Nous militons pour une plus juste représentation des femmes dans les médias et pour l’égalité professionnelle et salariale dans les rédactions.
Quelles solutions proposez-vous ?
Plein ! Première solution, pour une meilleure image des femmes dans les médias, on propose de sensibiliser au quotidien, via les réseaux sociaux, nos collègues, confrères et consœurs journalistes, qui peuvent être amenés à écrire des articles ou publier des reportages vidéos ou audios contenant des stéréotypes. Nous faisons des cours dans des écoles de journalisme, dans lesquels on parle des stéréotypes, mais aussi de l’égalité professionnelle pour essayer de sensibiliser les étudiants et les futurs journalistes.
Ensuite, nous prônons le fait qu’il faut augmenter le nombre d’expertes dans les médias. En gros, elles sont entre 18 et 20% aujourd’hui. Ce sont des femmes qui viennent apporter une compétence, un regard. Ce sont des chercheuses, des politiques, des responsables associatives, etc. Il n’y en a pas assez. C’est problématique parce que ça véhicule des stéréotypes. Les femmes qui vont être interviewées dans la presse vont être interviewées plutôt en tant que témoin, plutôt en tant que mère de famille, alors qu’elles pourraient l’être sous leur domaine d’expertise. Pour cela, nous recommandons d’utiliser davantage le Guide des expertes, pour la création duquel on avait été consultées. Il référence des expertes et des chercheuses dans tous les domaines, en France.
Nous recommandons que les rédactions comptent le nombre de femmes, et notamment le nombre de femmes expertes, dans leurs contenus. C’est obligatoire, aujourd’hui, dans l’audiovisuel. Le CSA fait un rapport annuel sur le sujet. Mais ce n’est pas obligatoire dans la presse écrite et web et on recommande que les rédactions le fassent à leur tour.

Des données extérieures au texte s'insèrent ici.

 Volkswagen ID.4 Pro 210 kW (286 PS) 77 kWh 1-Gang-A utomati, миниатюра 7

Sur l’égalité professionnelle, nous recommandons que toutes les rédactions où il y a des disparités de salaires et des problèmes de représentation des femmes aux postes de direction se mettent en rébellion. Nous avons appelé ça « entrer en rébellion », à l’image de ce qu’avait fait l’an dernier les femmes journalistes du Parisien ou il y a plusieurs années les femmes journalistes des Échos. Il s’agit de sensibiliser à ce problème-là, soit en faisant une candidature générale de plusieurs femmes à un poste qui s’ouvre à la direction, soit en faisant des tribunes, soit en faisant des grèves… Afin d’entrer dans un rapport de force avec leur direction et mieux négocier, par la suite, un accord pour l’égalité professionnelle sur plusieurs années, avec des objectifs chiffrés et très précis, et afin de permettre l’égalité de salaires. Il est possible de le faire à travers un rattrapage salarial des femmes sous-payées, par exemple, ou en faisant en sorte qu’il y ait plus de promotion des femmes aux postes de direction. Ce sont des revendications que nous avons depuis longtemps.

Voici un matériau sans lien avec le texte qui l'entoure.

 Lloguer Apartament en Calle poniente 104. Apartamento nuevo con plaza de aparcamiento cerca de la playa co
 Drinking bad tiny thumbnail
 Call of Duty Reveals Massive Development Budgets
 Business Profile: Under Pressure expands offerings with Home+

Après, il y a des revendications qui nous paraissent être des revendications idéales. Ce serait, par exemple, que les cours qu’on donne en école de journalisme soient obligatoires, au moins une fois tous les deux ans dans toutes les écoles reconnues par la profession. Une autre serait qu’un bonus pour les aides à la presse soit attribué aux rédactions qui respectent bien l’égalité dans les postes de direction. Nous avons pris pour exemple, là-dessus, ce qu’ont fait les femmes dans le cinéma avec 50/50 (collectif engagé pour l’égalité et la diversité dans le cinéma, ndlr) où elles ont avancé que le CNC (Centre national du cinéma et de l’image animée, ndlr) accorderait des aides plus importantes aux productions cinématographiques qui respectent bien la parité aux postes de direction et aux postes techniques. Donc nous pensons que l’argent sera un levier important pour motiver les rédactions à passer à l’égalité.

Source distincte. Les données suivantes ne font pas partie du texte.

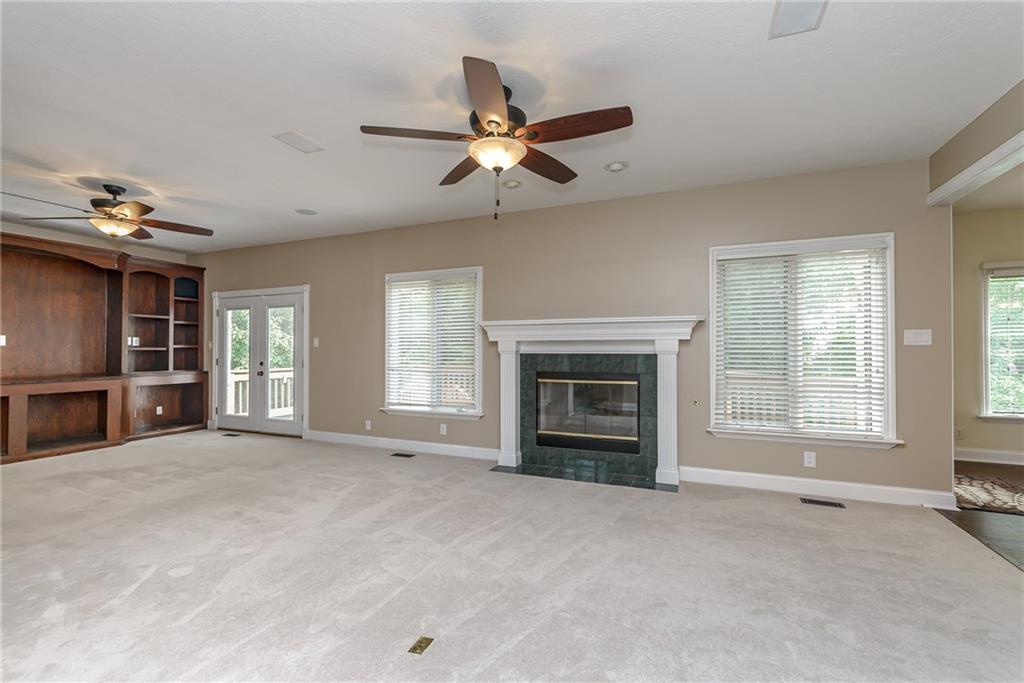 10257 Springstone Road Fishers, IN 46055 - Photo 11 of 39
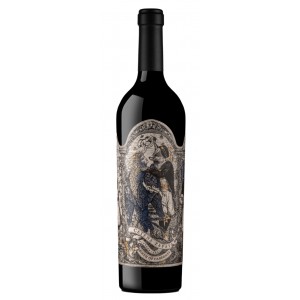 Catena Zapata Birth of Cabernet 2021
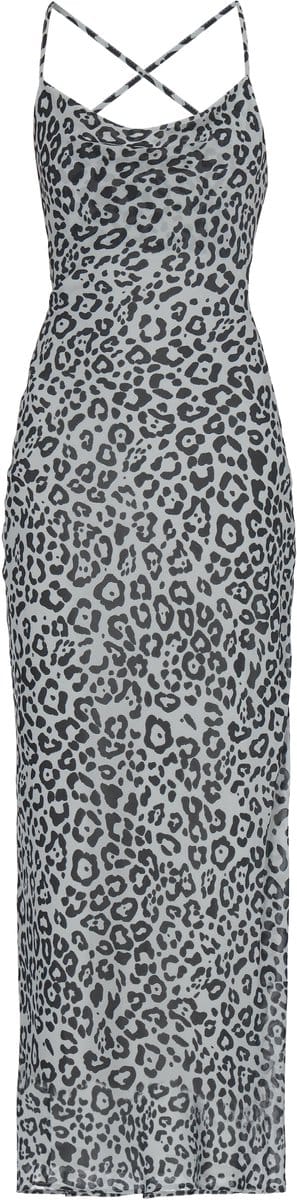 faina Dress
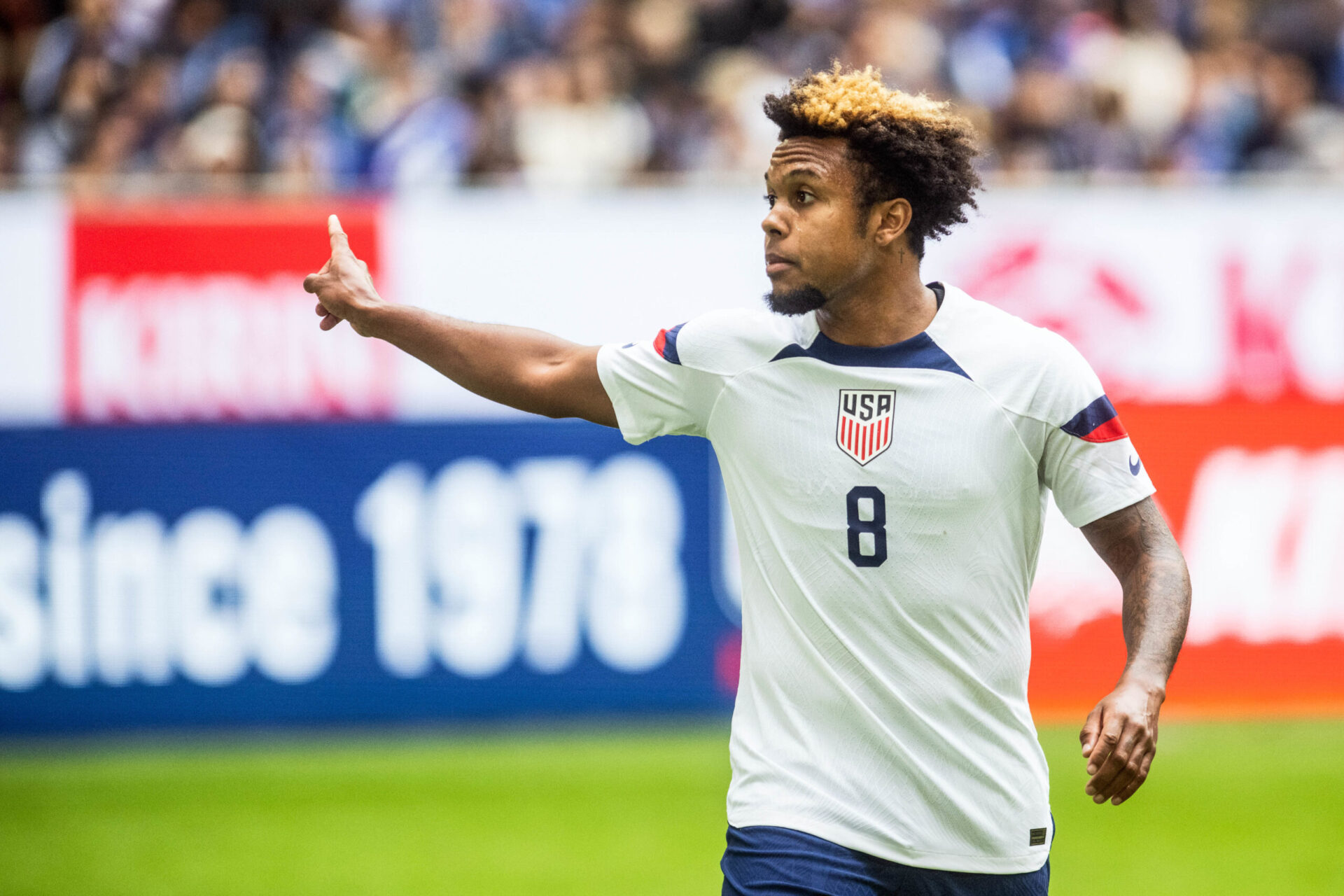 Le dernier match face au Japon n'a pas &eacute;t&eacute; une r&eacute;ussite ! (Icon Sport)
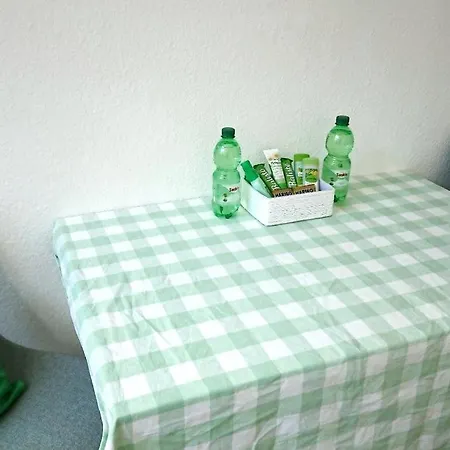 Nahe Rheinufer Und City: Green Cologne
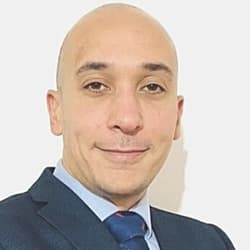 Mr Ahmed Emam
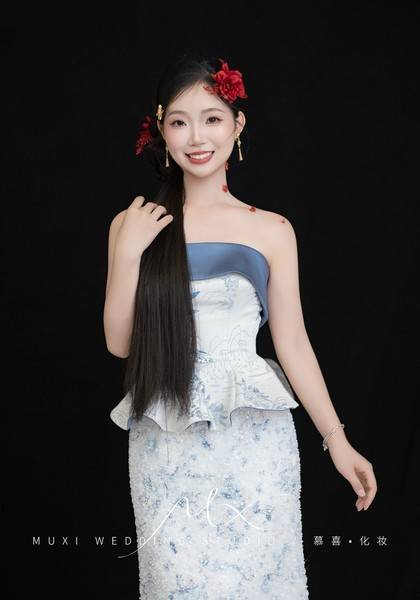 形象照片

Il y a un certain nombre de harcèlement sexuel, du sexisme, des agressions sexuelles, parfois, dans les rédactions parce que c’est un métier qui fonctionne à l’ego, à la précarité, à la cooptation, bref, des facteurs aggravants de ces systèmes-là. Nous souhaitons sensibiliser les rédactions à ce problème, pour que les femmes qui les subissent soient plus écoutées. On pourrait, par exemple, mettre en place un référent, dans chaque rédaction pour les cas de harcèlement sexiste et de harcèlement sexuel. Une personne à l’écoute des victimes, qui puisse faire remonter auprès des directions.
Comment mesurez-vous l’impact de votre initiative et qu’avez-vous observé ?
L’impact de notre initiative, nous la mesurons par des sursauts médiatiques. C’est-à-dire des moments où les médias parlent des médias, et parlent de notre cause. Sur le harcèlement sexiste et sexuel, on l’a mesuré en deux moments. L’an dernier après MeToo où, effectivement, c’est devenu un vrai sujet autour des cas d’Anne Saurat-Dubois ou d’Astrid de Villaines par exemple, deux victimes de harcèlement sexuel et d’agression sexuelle dans des rédactions. À ce moment, nous avons beaucoup plus parlé de Prenons la une. C’est aussi le moment où nous nous sommes constituées en association pour pouvoir défendre justement ces victimes.
Et là, après l’affaire de la Ligue du LOL, nos sujets ont été de nouveau portés au regard du grand public et via un certain nombre d’articles. Et nous sentons qu’il y a une sensibilité plus forte. Plusieurs rédactions sont venues nous consulter pour connaître nos propositions et ce qu’on recommandait, donc la fameuse mise en place d’un référent harcèlement sexuel dans les rédactions. Il y a plusieurs rédactions qui réfléchissent à la mise en place de quelqu’un comme ça. Je vais en prendre en exemple trois : Libération, Les Inrocks et Loopsider. Et c’est intéressant parce que ce sont des rédactions où des personnes ou le nom des rédactions ont été mises en cause dans le cas de la Ligue du LOL.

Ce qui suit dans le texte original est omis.